・ 派手さはないが、良質な人間ドラマ。
ロビン・ウィリアムスの訃報を知って、「グッド・ウィル・ハンティング/旅路」(98)を改めて観直したファンも多いことだろう。その主演・共同脚本のマット・デイモンが、ガス・ヴァンサントに監督を依頼してプロデュースした本作。ベン・アフレックに替わってジョン・クランスキーが加わり製作・脚本、共演している。
本国では一昨年公開されたが日本公開はお蔵入りかと思っていた。このほど漸く陽の目を見たのは嬉しい。鑑賞したのは封切り直後のレディス・デーだったため初回は完売で、2回目の午後からだったが中高年の女性を中心に満席だった。
地味ながらエネルギー問題を背景にした良質なヒューマン・ドラマで、久しぶりハリウッドの良心を観た想い。
ペンシルバニア州(架空の)田舎町・マッキンリーは、良質なシェール・ガスが埋蔵されている。本業の農業は不振で頼る産業もない。大手エネルギー会社「グローバル」は採掘権を相場より安く買い占めるべく、スティーヴ・バトラーを派遣する。
アイオワ州農家出身の彼は、貧しい人々を救えるという信念を持ちこの仕事に挑もうとしていた。成功すれば出世も果せる幹部候補生としての自負もあり、ベテランの相棒スー・トマソンとともに取り掛かる。
マニュアルどおり町に馴染むため地元の雑貨店で作業服に着替え、地権者に契約を勧めつつ町議会議長を3万ドルで買収、全ては順調に進み始める。
シェール・ガスは石油・原子力のエネルギー代替え物質として今脚光を浴びているが、反面水質汚染・温暖化など環境問題や、地震発生の可能性など、懸念事項が囁かれてもいる。
住民説明会で異論を唱えたのは、フランク・イエーツという科学の教師。元ボーイング社の研究員だった彼は理論家で、化学物質の地下汚染を指摘し3週間後の住民投票を提案した。
環境問題をテーマにした作品はそのコンセプトが明快なものが殆どだが、本作はその問題に関わった人物ならどのような言動をすべきか?を観客ひとりひとりに委ねている。悩める主人公・スチーヴや地元住民達は、観客自身の問題でもあるのだ。
スチーヴはたとえ住民投票となっても環境活動家の反対運動があっても、自分の信念を揺るがすような出来事がなければ、グローバル社のエリート社員を目指し邁進したことだろう。

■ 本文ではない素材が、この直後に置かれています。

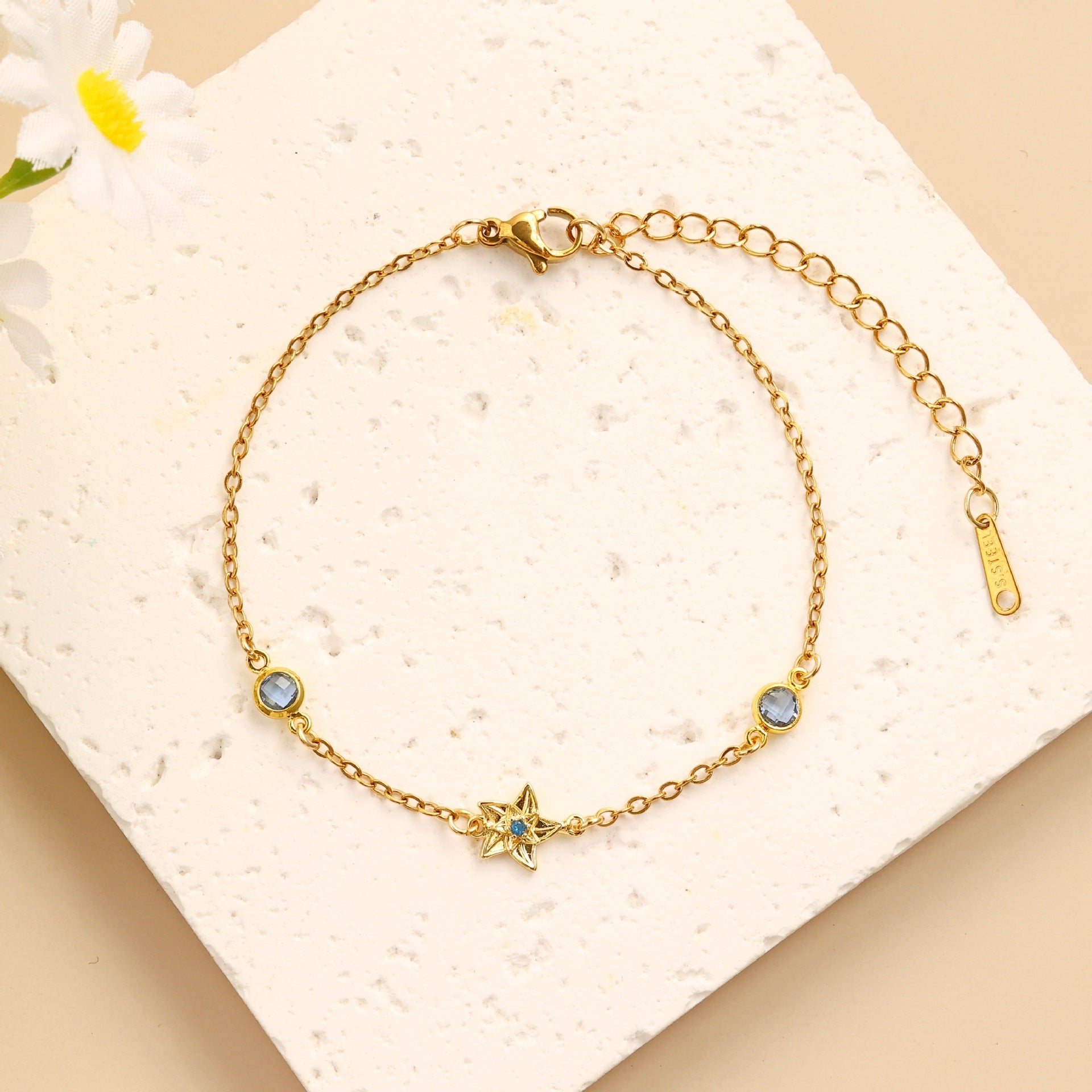 Damen filigranes Armband mit floralem Design Shop Nory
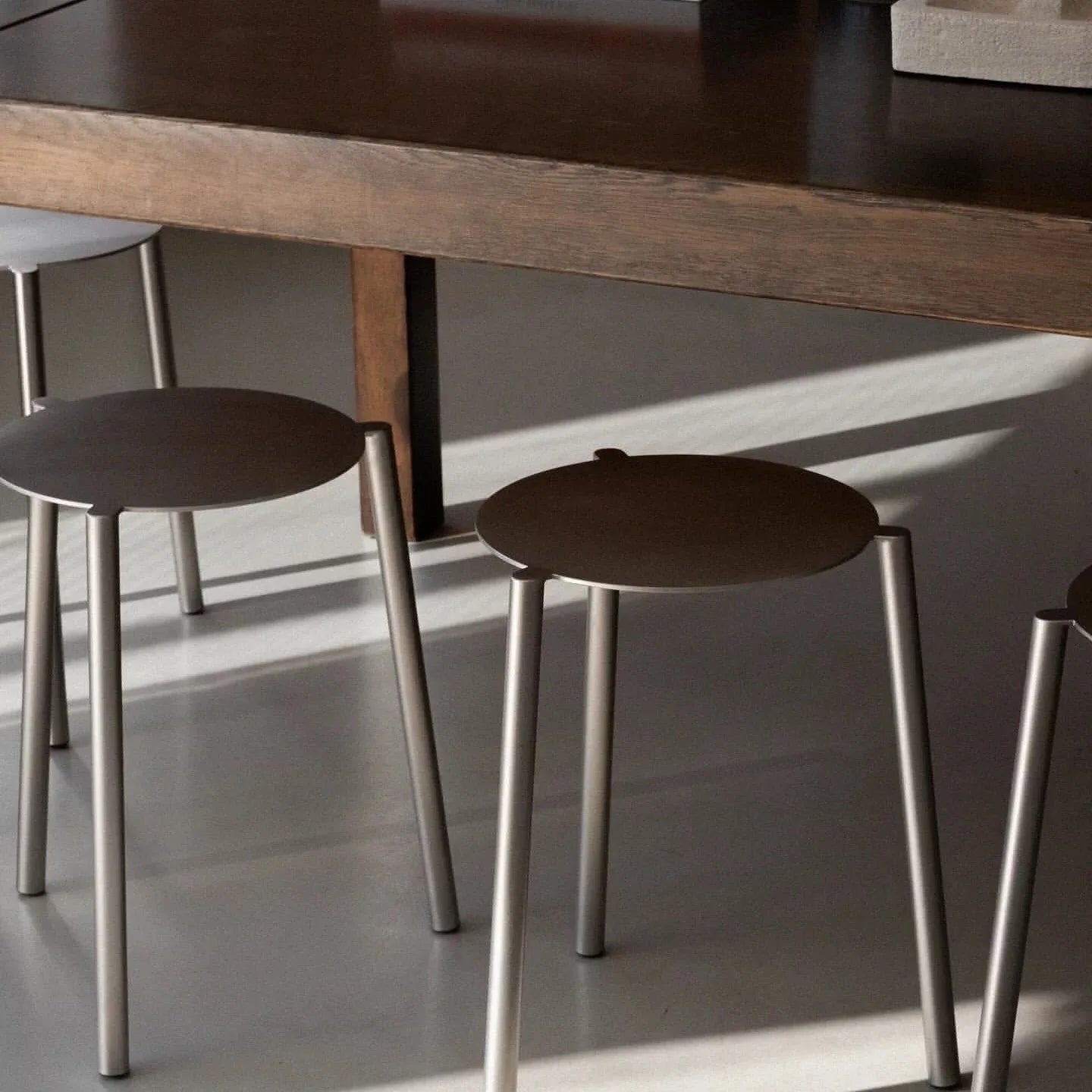 Italian Minimalist Metal Style Stool Stackable Dining Table Chair Stainless Steel Outdoor Courtyard Commercial Leisure Chair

ガス・ヴァンサント監督は手堅い演出で、スウェーデン出身のリヌス・サンドグレンの映像は一見平和な緑の大地を美しい自然光で捉え、そこで暮らす人々の苦悩や喜びを包み込んでいる。
主人公のM・デイモンはまさに適役で、芸域は広いがアクションなしのこうゆう役柄(イワユルいい人)がお似合いだ。オスカー女優フランシス・マクドーマンドが演じた相棒のスーが、会社に忠実で家庭を大切にする大人の人物描写だけに、さらに若い主人公の純粋さが際立って見える。
地元住民の良識者イエーツ役のハル・ホルブルック、共同脚本で製作にも加わっている環境活動家役のジョン・クランスキーが重要な役柄で絡むのも程好いバランス。ほかに地元の雑貨店主役に扮したタイタス・ウェリバーが、それとなくスチーヴとスーに好意を持って協力するところも味わい深い。
ヒロイン・アリスを演じたのが、ローズマリー・デヴィッド。生まれ育った土地を引き継いだ独身女性の小学校教師は、スチーヴにとって最後まで気になる存在。
さまざまなヒトの人生を映しながら進むこのドラマの結末は、玉虫色で多少インパクトに欠けるきらいがある。それでも観終わって不満が残るような作品ではなく、何故か爽やかな気分にさせてくれた。そして改めてエネルギー問題を考えるキッカケにもなった。